Lewis Baltz American, 1945-
In his work, Charles Lewis Baltz makes visible the banality of human activity. His austere black-and-white photographs of industrial warehouses, suburban
tract houses, and prefab structures were included in the 1975 exhibition
New Topographics at the George Eastman House, Rochester, establishing him as one of
several photographers concerned with a changing American landscape. His related publications include
The Tract Houses (1972), The New Industrial Parks
Near Irvine, California (1975),
Maryland (1976), Nevada (1978), Park
City (1980), San Quentin Point (1986), and
Candlestick Point (1989). Other publications
include Rule without Exception (1990), a survey of his work from 1967-90, and
Lewis Baltz: Five Projects (1991).
On one level, Baltz's photographs are investigations of space, architecture, materials, and technology.
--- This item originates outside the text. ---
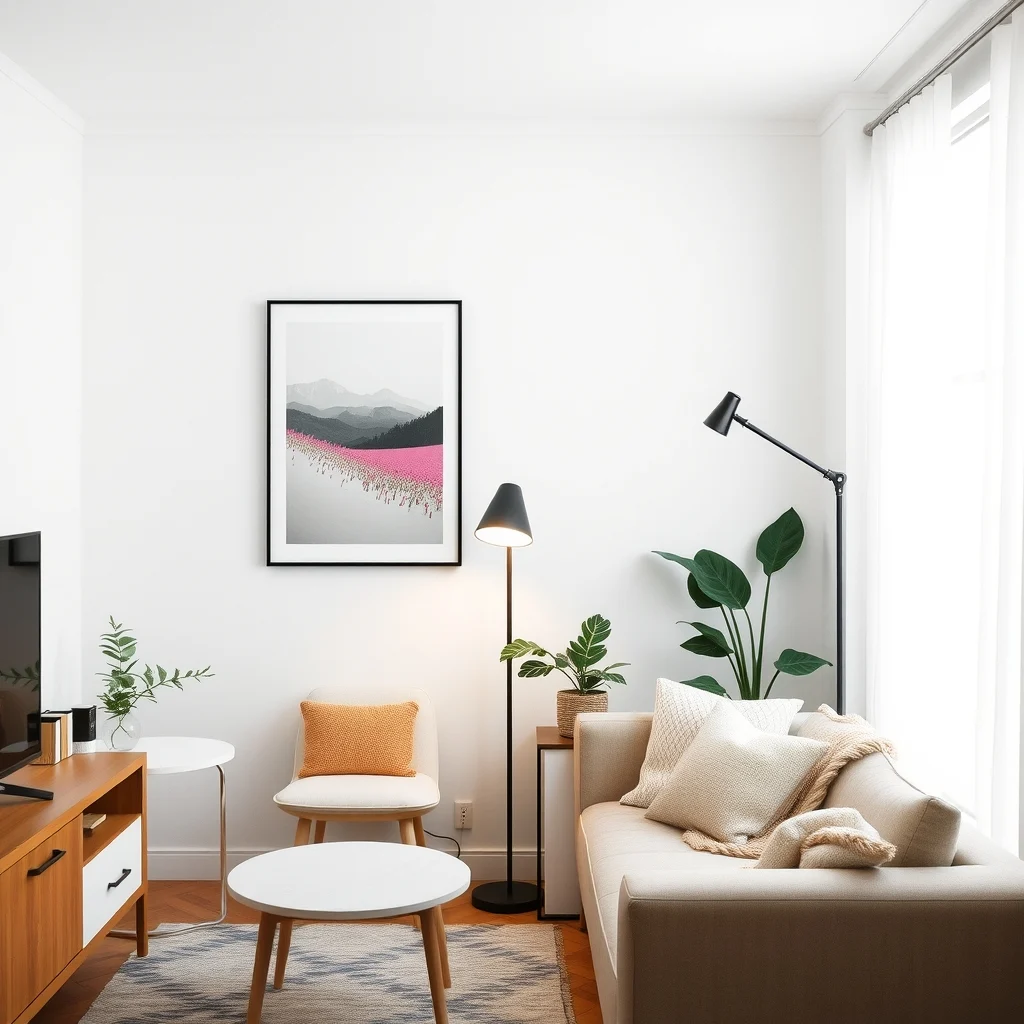 Small Apartment Lighting Ideas for Rooms With Only One Ceiling Fixture: 3. Incorporate a Floor Lamp with a Swivel Head - A floor lamp placed near a seating area adds directional light without competing with the ceiling fixture. Choose a with a slim profile and a swivel head so you can aim the beam where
Yet, often devoid of human figures, the
images also read as skeptical commentary on the relation of economic expansion at the expense of environmental preservation. With the advance of recent
technologies, Baltz has turned his eye from the industrial to the virtual landscape in large color photo/text murals. For these installations, Baltz addresses issues of
surveillance, power, and control in the information age by forcing the viewer to confront a confused knot of media imagery and its mechanical underpinnings.
Born in Newport Beach, California, Baltz earned a B.F.A. in photography from the San Francisco Art Institute (1969) and an M.F.A. in photography
from Claremont Graduate School (1971). His work has been exhibited internationally in more than 50 one-person shows, and he has received numerous awards,
including fellowships from the National Endowment for the Arts (1973, 1976), the John Simon Guggenheim Memorial Foundation (1977), and the United
States-United Kingdom Bicentennial Fellowship (1980). Baltz lives in Paris and Sausalito, California. A.W.
George N. Barnard American, 1819-1902
Born in Connecticut, in 1843 George Barnard opened one of America's first daguerreotype studios in Oswego, New York, shortly after the invention of
photography. Ten years later, he produced a daguerreotype of the Ames Mill fire in Oswego (now in the collection of George Eastman House, Rochester). Considered
the first news photograph, this image was reproduced as an engraving and circulated widely, gaining Barnard the public's attention.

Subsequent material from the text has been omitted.